Assuming your expectation is right, will you be able to tell that the mutant had any effect?

Simulate the sampling

5 samples from $5 \pm 1.4$
5 samples from $5.5 \pm 1.4$



In [ ]:

How do we test to see if these are different?



In [ ]:

    
import scipy.stats

Figure out how to use scipy.stats.ttest_ind.

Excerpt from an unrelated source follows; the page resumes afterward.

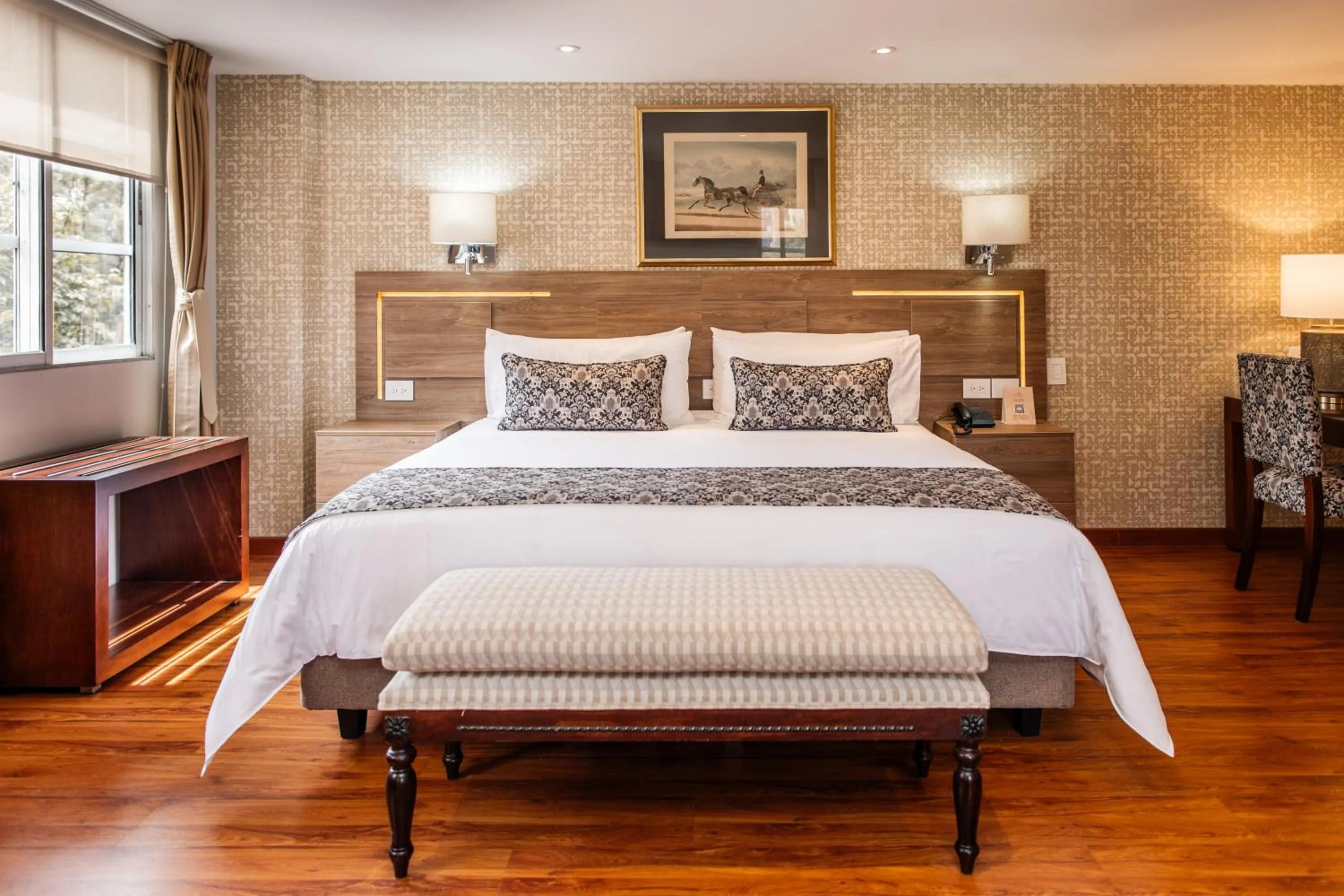 Bed in Hotel Portón de la Cabrera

Determine the p-value you for a t-test between your 5 wildtype and 5 mutant measurements.
Can you figure out how many samples you need to meausure to reliably get a p-value < 0.05 for this expected difference in means?



In [ ]:



In [ ]:

Stats provides a wide variety of statistical tests

t-test: scipy.stats.ttest_ind
One-way ANOVA: scipy.stats.f_oneway
Wilcoxan Rank: scipy.stats.ranksums
$\chi^{2}$: scipy.stats.chisquare
Pearson's Correlation: scipy.stats.pearsonr

Stats also provides access to probability distributions



In [ ]:

    
d = scipy.stats.norm()
x = np.arange(-5,5,0.01)
prob_density = d.pdf(x)
cum_density = d.cdf(x)



In [ ]:

    
def plot_distrib(d,x,name):
    """
    Function that plots the probability density and cumulative density
    functions of a distribution over the range defined in x.
    """

    fig, ax = plt.subplots(1,2,figsize=(12,5))
    ax[0].plot(x,d.pdf(x),"k-")
    ax[0].set_title("Probability Density Function ({})".format(name))
    ax[0].set_xlabel("x")
    ax[0].set_ylabel("P(X == x)")

    ax[1].plot(x,d.cdf(x),"k-")
    ax[1].set_title("Cumulative Density Function ({})".format(name))
    ax[1].set_xlabel("x")
    ax[1].set_ylabel("P(X $\geq$ x)")
    
    bottom = np.arange(np.min(x),d.interval(0.95)[0],0.01)
    top    = np.arange(d.interval(0.95)[1],np.max(x),0.01)
    
    ax[0].fill_between(bottom,d.pdf(bottom),color="gray")
    ax[0].fill_between(top,d.pdf(top),color="gray")



In [ ]:

    
plot_distrib(d,x,"Normal $\mu = 0$, $\sigma = 1$")



In [ ]:

    
pareto = scipy.stats.pareto(1)
x = range(1,50)
plot_distrib(pareto,x,"Pareto c = 1")

Summary

np.random lets you sample things (flip coins, add noise, simulate experiments)
scipy.stats lets you do statistics to analyze simulated or experimental results.